Modelos de remuneração baseados em valor miram no desfecho do cuidado e na jornada do paciente

Modelos de remuneração baseados em valor miram no desfecho do cuidado e na jornada do paciente

Novos modelos de remuneração focados na qualidade e na eficácia do tratamento dos pacientes surgem como alternativas para a sustentabilidade da saúde

By Published On: 31/01/2025
novos modelos de remuneração de saúde

Foto: Adobe Stock Image

Um dos desafios da saúde privada no país tem sido alcançar a viabilidade financeira de seus serviços para operadoras, prestadores de saúde e usuários. Ao mesmo tempo em que se busca garantir o acesso à saúde para beneficiários, é preciso, também, prezar pela sustentabilidade do sistema. Com o custo elevado de novas terapias e o aumento de incidência de doenças crônicas por causa do envelhecimento acelerado da população, manter o equilíbrio dessa balança será cada vez mais difícil nos próximos anos.

Hoje, o modelo fee-for-service, que paga por cada serviço prestado por volume e complexidade, é o predominante no país. Mas novos modelos têm sido pensados e implementados pelo setor. Alguns deles baseados em valor indicam caminhos para uma remuneração mais sustentável para o sistema de saúde e partem da jornada do paciente e da resolução do problema.

De acordo com os dados da Associação Nacional de Hospitais Privados (Anahp), outros modelos além do fee-for-service já são utilizados por 60,19% dos hospitais entrevistados em pesquisa. Eles incluem diárias hospitalares (51,49%), pacote e bundles (36,89%), orçamentação (14,56%), pagamento por desempenho (11,65%), capitação (7,77%), desfecho clínico (6,80%), fee for service com bônus por performance (4,85%), entre outros. Essa diversificação impactou no crescimento de 6 a 10% da receita bruta, para 12,62% dos hospitais, e de 15 a 20%, para 8,74%.
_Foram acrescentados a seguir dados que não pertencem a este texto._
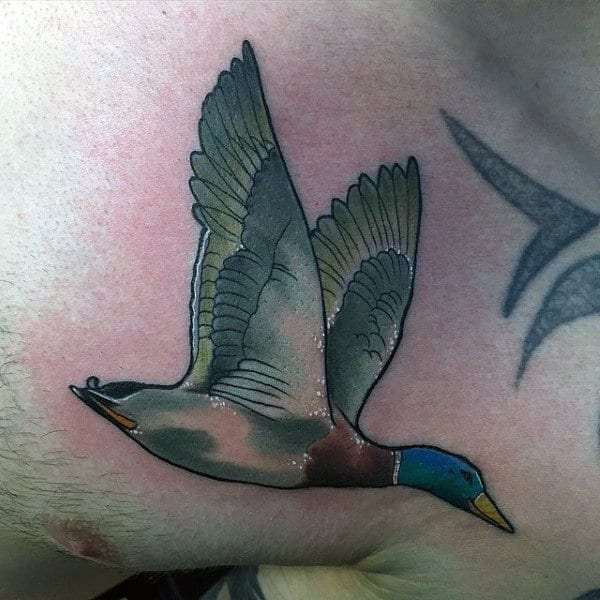 Small Watercolor Duck Tattoo On Guys Chest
Explorar novas modalidades de pagamento de serviços de saúde coloca no centro do debate a pertinência do cuidado com o paciente e sua relação com uma remuneração sustentável. E, para entender como isso se configura, é preciso olhar com mais atenção aos modelos de remuneração disponíveis.

Os modelos de remuneração de saúde

O fee-for-service

A remuneração de serviços de saúde do modelo fee-for-service se configura a partir dos serviços usados pelo beneficiário do plano de saúde ou do hospital. Ela se caracteriza pela existência de uma tabela com valores fixos para cada procedimento ou item (materiais, medicamentos, honorários profissionais, diárias hospitalares, etc.). O pagamento acontece após a realização dos serviços.
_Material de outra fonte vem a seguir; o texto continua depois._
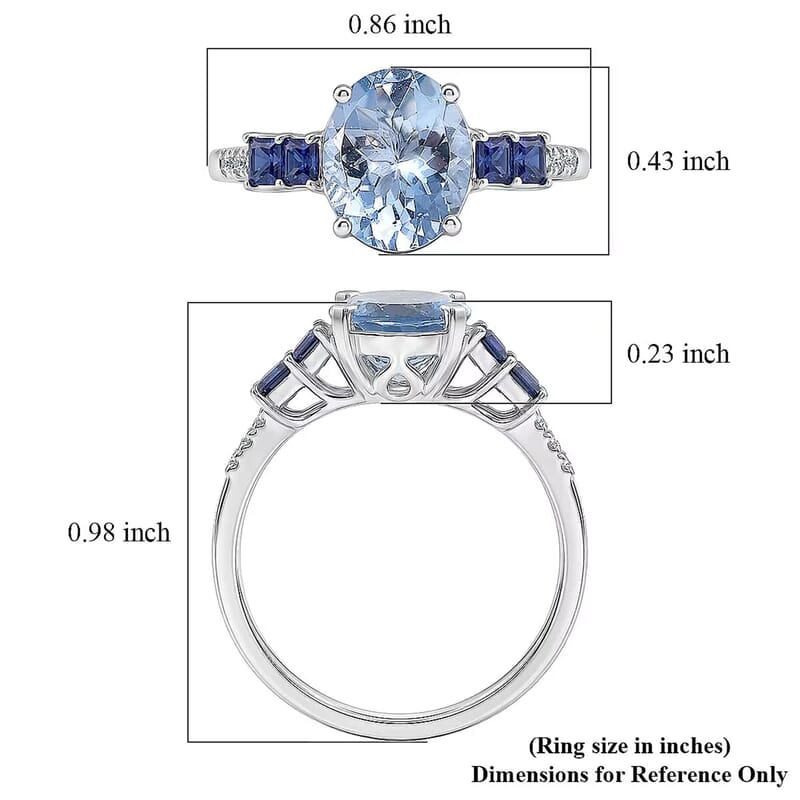 Certified and Appraised Luxoro AAA Santa Maria Aquamarine, Ceylon Sapphire and Diamond I2 2.80 ctw Ring in 10K White Gold (Size 10.0)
Nesta modalidade, a quantidade de procedimentos realizados importa: quanto mais serviços, maior o valor a ser recebido pelo prestador de saúde. Segundo manual da ANS, essa configuração estimula a competição dos prestadores de serviços de saúde por usuários e por serviços produzidos. Isso leva, muitas vezes, a uma sobreutilização de serviços que, nem sempre, são necessários aos beneficiários. Ainda, a qualidade do atendimento e os resultados em saúde ficam em segundo plano, em detrimento da produtividade.

Essas variáveis fazem com que o modelo seja visto com cautela por alguns. Um dos pontos levantados por Vanessa Teich, diretora de Transformação da Oncologia e Hematologia do Hospital Israelita Albert Einstein, são suas condições para o paciente. “Para mim, o fee-for-service é um problema porque nós temos dúvida se o que o paciente usa é realmente necessário”, comenta. “Se eu tivesse uma forma de acompanhar a adequação dessa indicação dos procedimentos, eu poderia ter mais tranquilidade de pagar por item, porque sei que estou pagando por uma coisa que é necessária”.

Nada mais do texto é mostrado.